Task objective
Starting from the top of the entries below and ending with the line containing "The Icon Necklace", restate every line word for word, pictures omitted.

Data

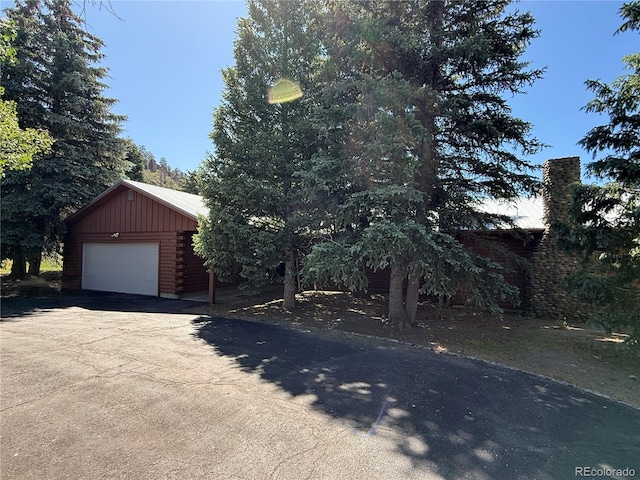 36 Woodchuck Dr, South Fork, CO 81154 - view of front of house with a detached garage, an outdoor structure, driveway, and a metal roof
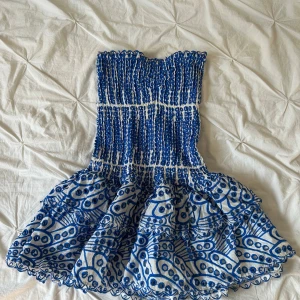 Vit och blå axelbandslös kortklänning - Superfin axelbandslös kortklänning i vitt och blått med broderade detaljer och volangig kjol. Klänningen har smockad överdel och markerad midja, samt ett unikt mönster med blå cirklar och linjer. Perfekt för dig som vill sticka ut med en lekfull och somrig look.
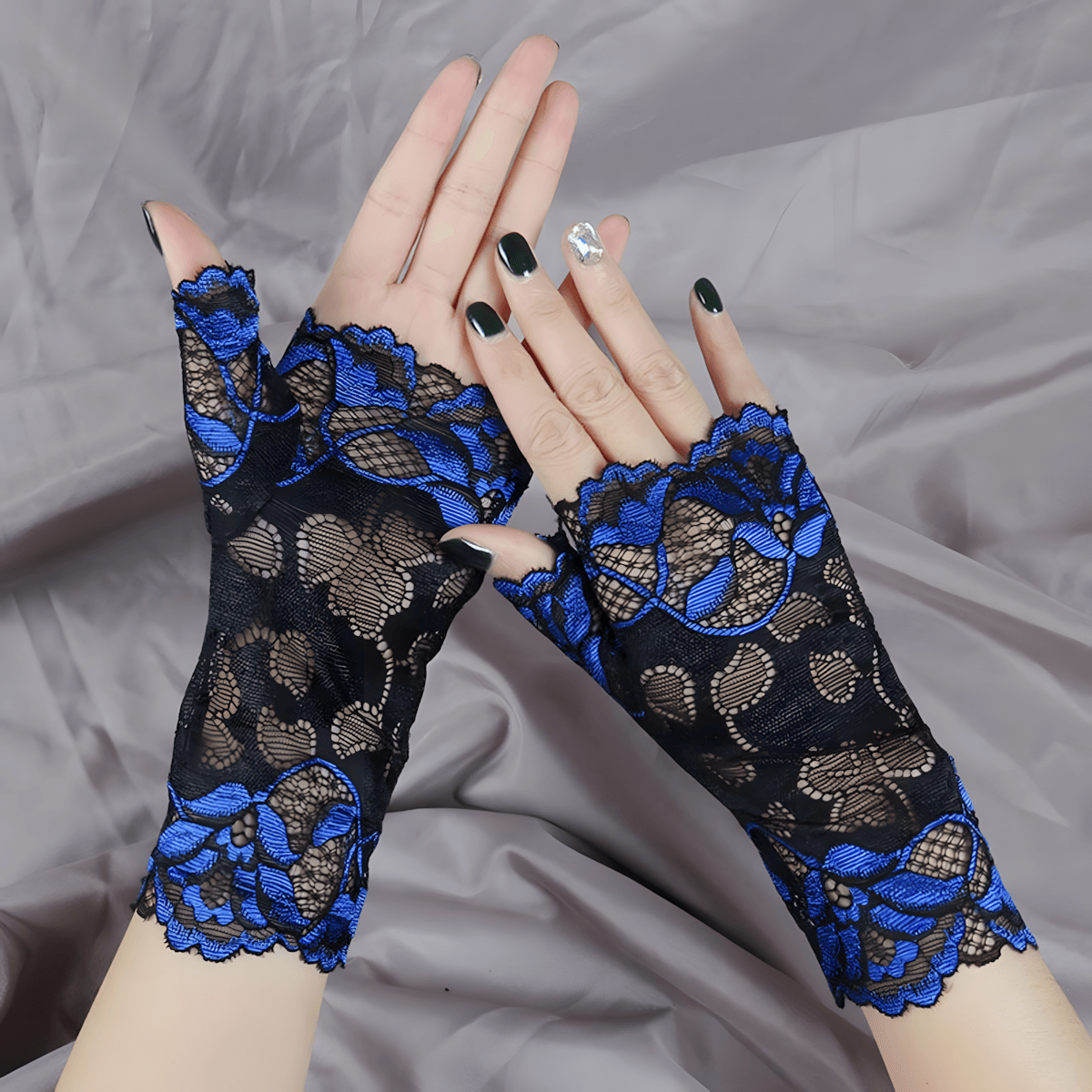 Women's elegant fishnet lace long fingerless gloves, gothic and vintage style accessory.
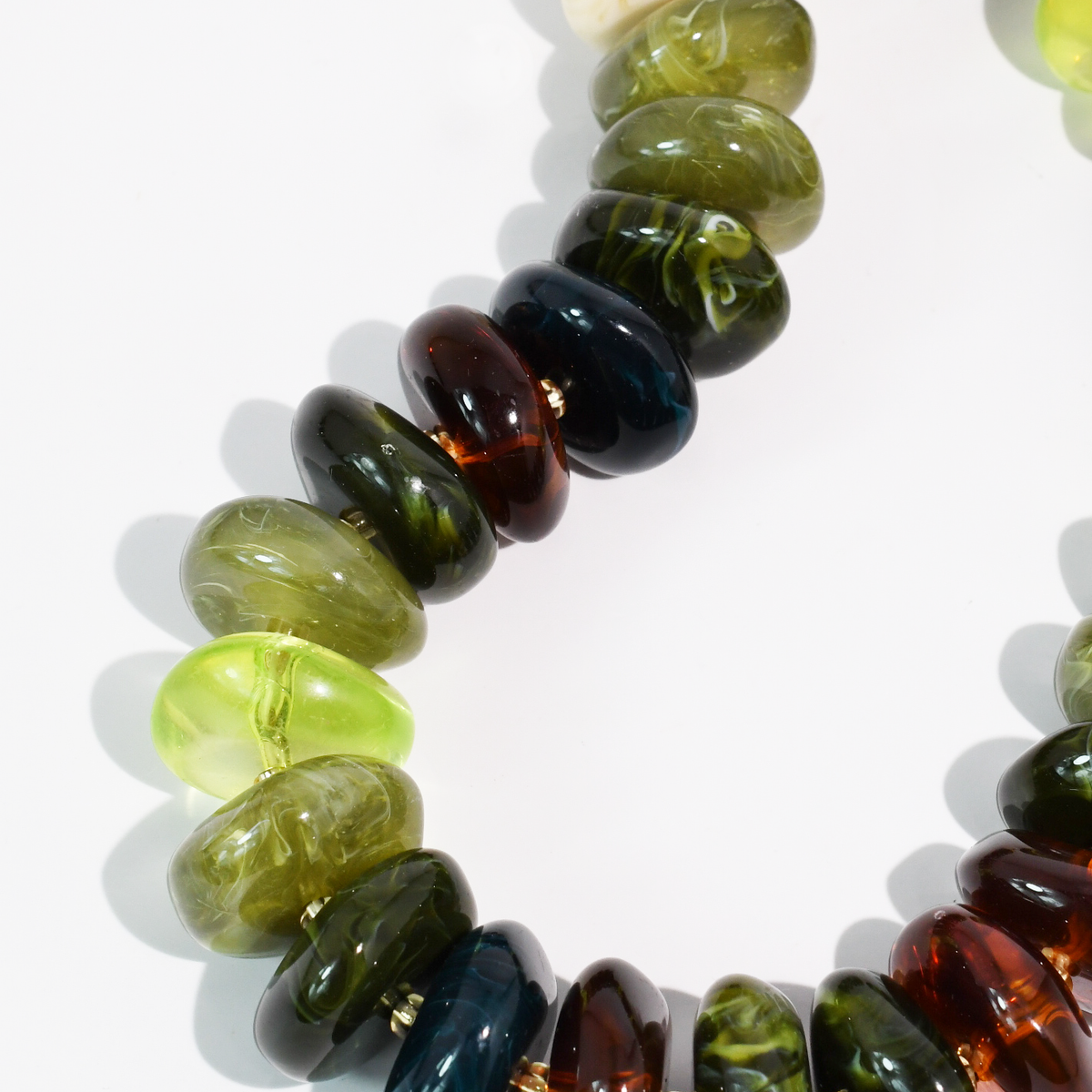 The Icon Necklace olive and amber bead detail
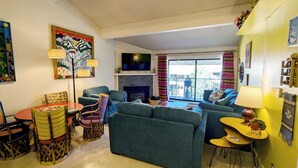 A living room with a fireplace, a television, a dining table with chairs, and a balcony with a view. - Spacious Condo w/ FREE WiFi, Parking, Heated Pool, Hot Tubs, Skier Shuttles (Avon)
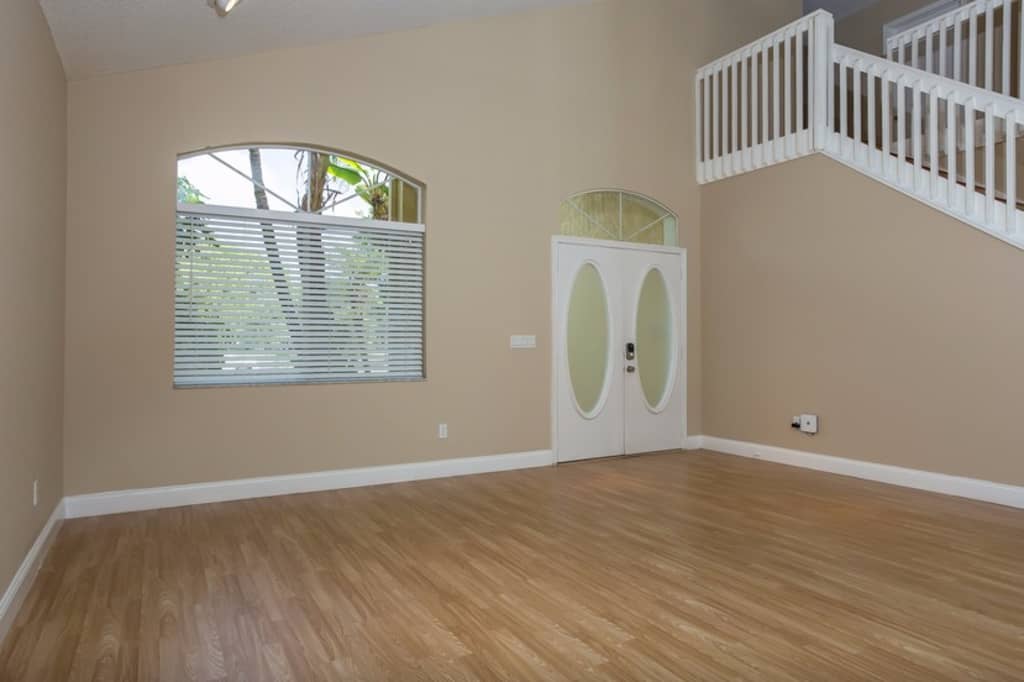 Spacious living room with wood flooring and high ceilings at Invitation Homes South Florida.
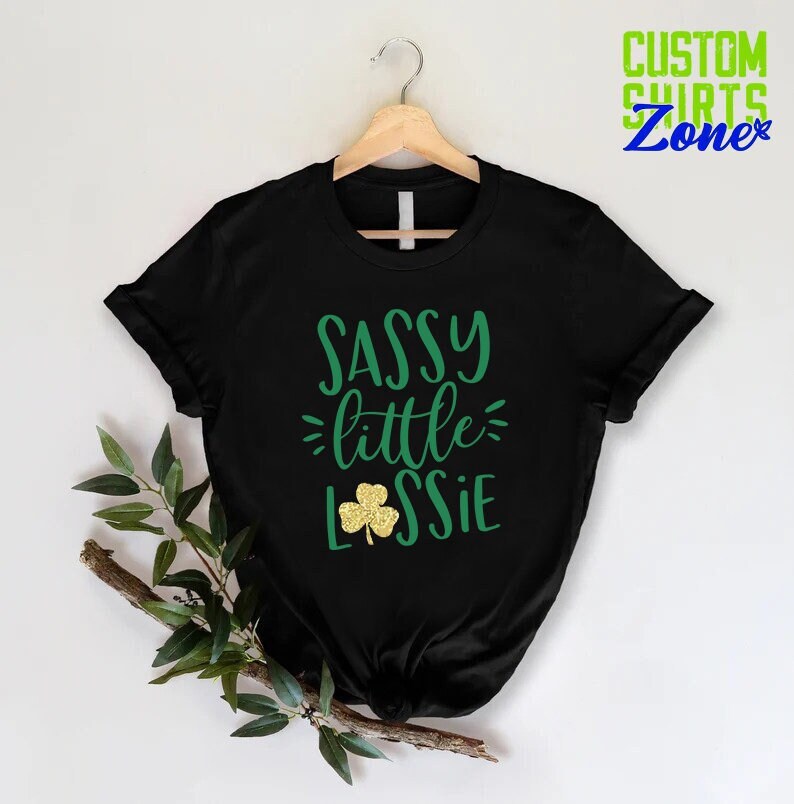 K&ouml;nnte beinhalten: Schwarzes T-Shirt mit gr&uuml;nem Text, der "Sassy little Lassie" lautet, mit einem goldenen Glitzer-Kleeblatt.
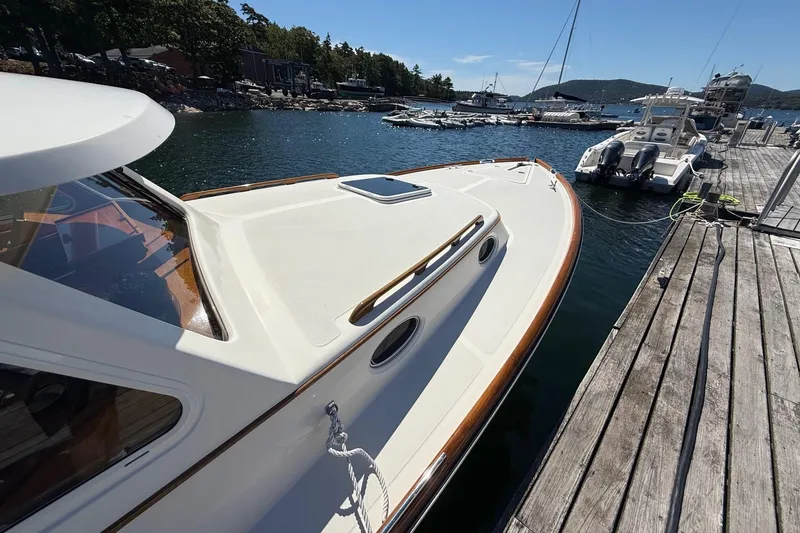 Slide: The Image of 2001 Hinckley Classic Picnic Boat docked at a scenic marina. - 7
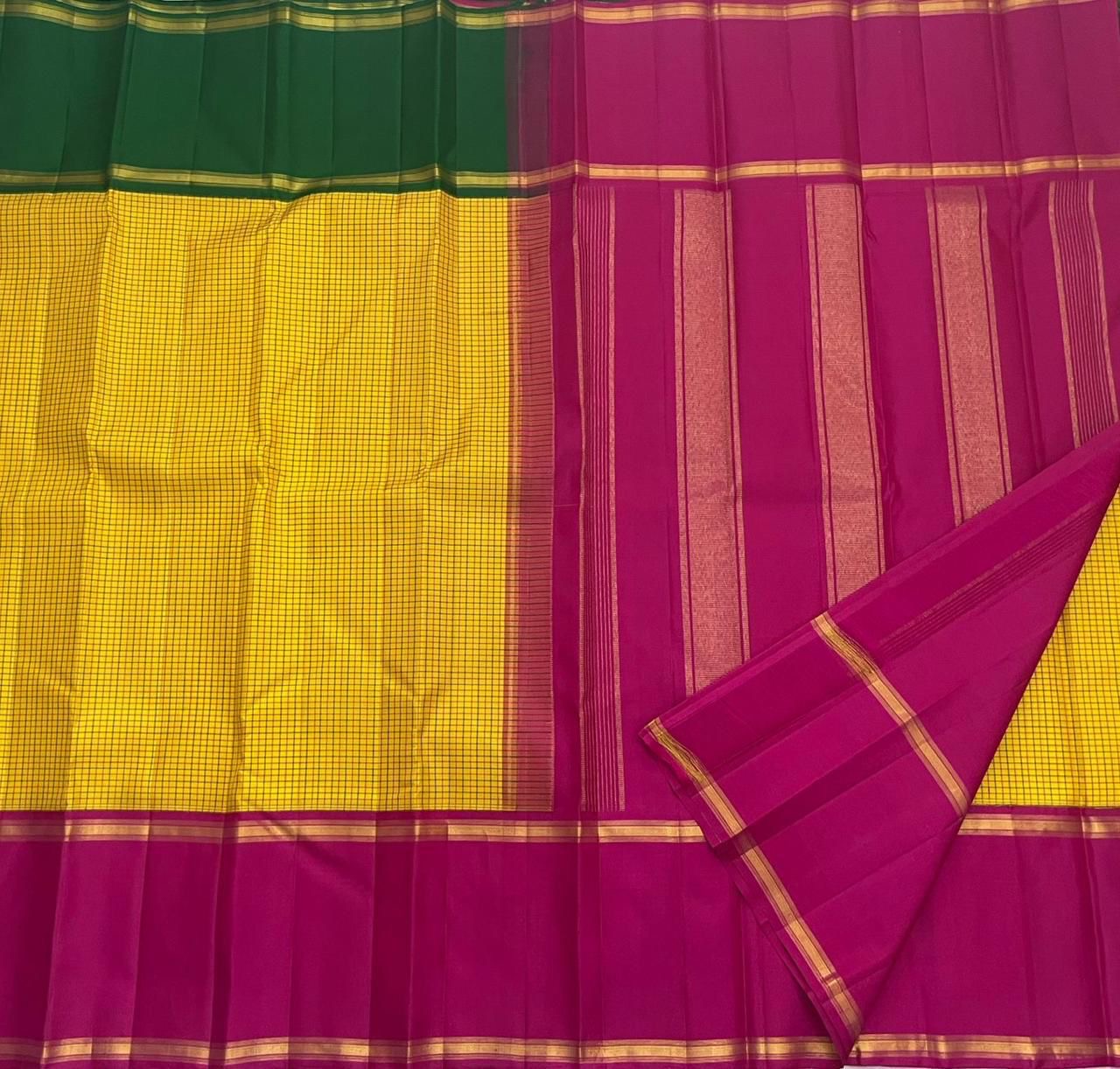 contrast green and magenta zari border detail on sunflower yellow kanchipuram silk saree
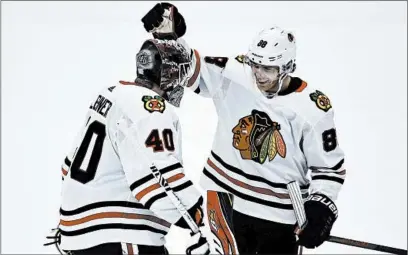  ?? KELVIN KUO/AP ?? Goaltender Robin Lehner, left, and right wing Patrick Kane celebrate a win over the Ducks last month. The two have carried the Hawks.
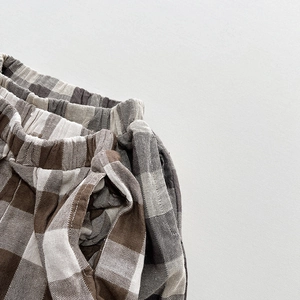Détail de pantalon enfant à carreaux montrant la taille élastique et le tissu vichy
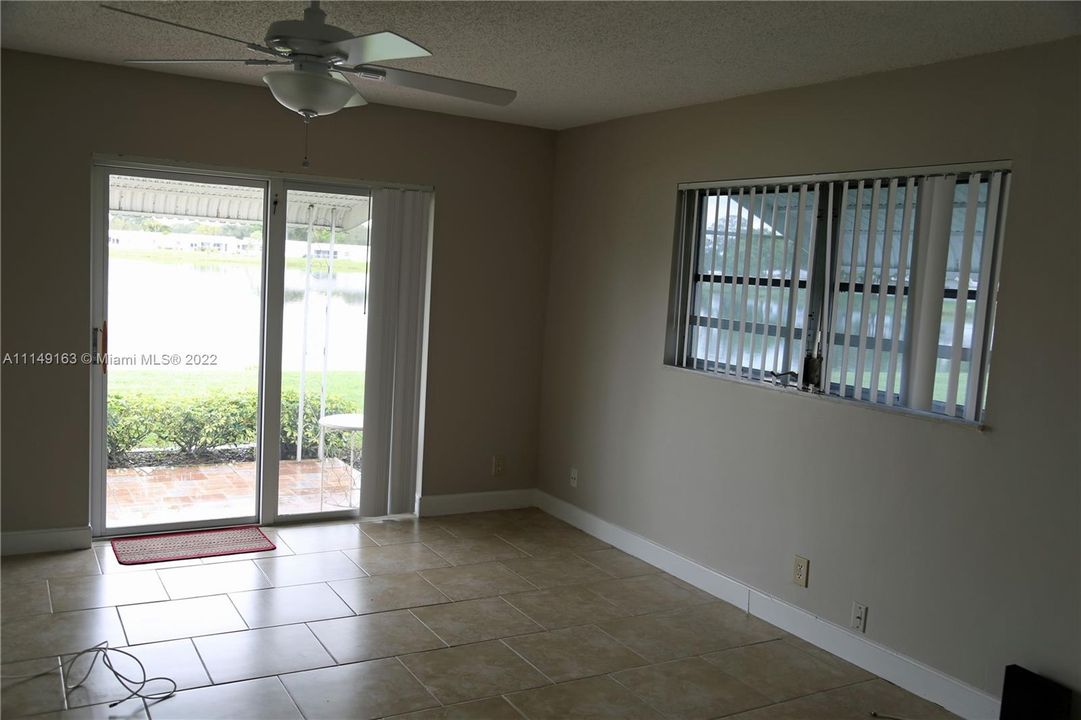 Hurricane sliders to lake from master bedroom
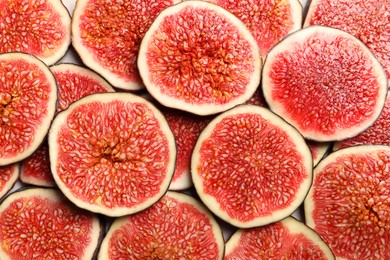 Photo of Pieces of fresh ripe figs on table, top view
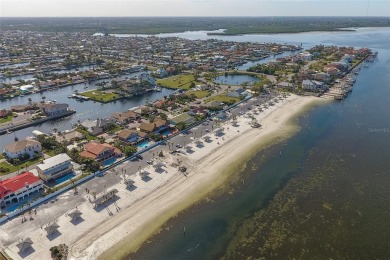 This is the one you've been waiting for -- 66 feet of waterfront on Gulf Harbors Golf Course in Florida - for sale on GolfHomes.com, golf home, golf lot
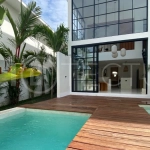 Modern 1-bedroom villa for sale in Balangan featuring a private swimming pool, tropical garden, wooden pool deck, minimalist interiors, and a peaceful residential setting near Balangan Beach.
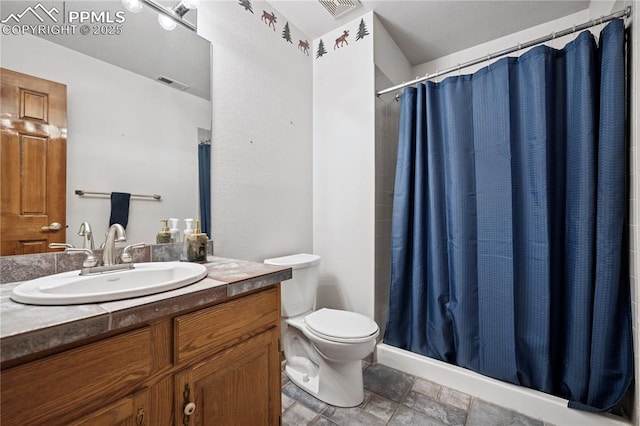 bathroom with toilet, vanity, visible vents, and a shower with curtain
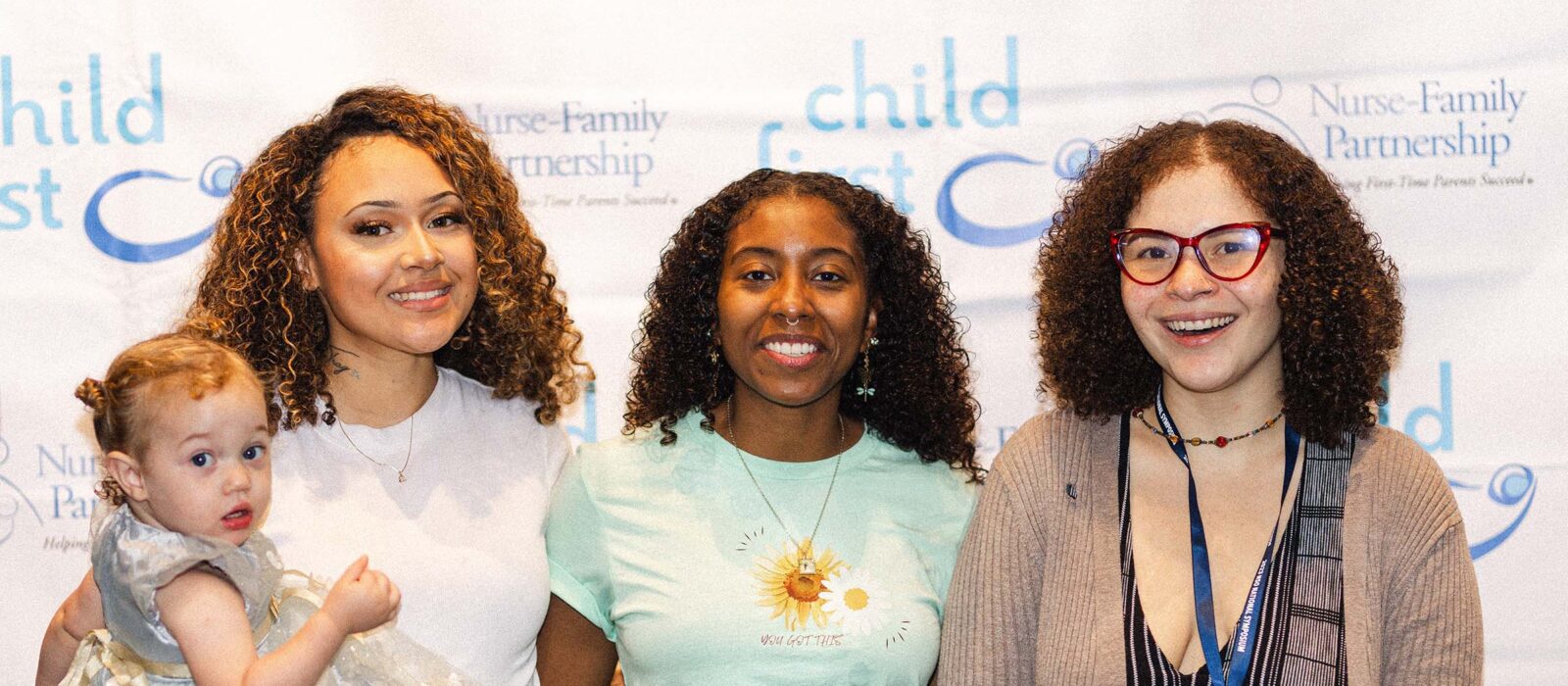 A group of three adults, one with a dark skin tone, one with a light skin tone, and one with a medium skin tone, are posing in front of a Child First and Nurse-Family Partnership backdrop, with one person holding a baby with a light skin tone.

Answer for this exercise
 36 Woodchuck Dr, South Fork, CO 81154 - view of front of house with a detached garage, an outdoor structure, driveway, and a metal roof
 Vit och blå axelbandslös kortklänning - Superfin axelbandslös kortklänning i vitt och blått med broderade detaljer och volangig kjol. Klänningen har smockad överdel och markerad midja, samt ett unikt mönster med blå cirklar och linjer. Perfekt för dig som vill sticka ut med en lekfull och somrig look.
 Women's elegant fishnet lace long fingerless gloves, gothic and vintage style accessory.
 The Icon Necklace olive and amber bead detail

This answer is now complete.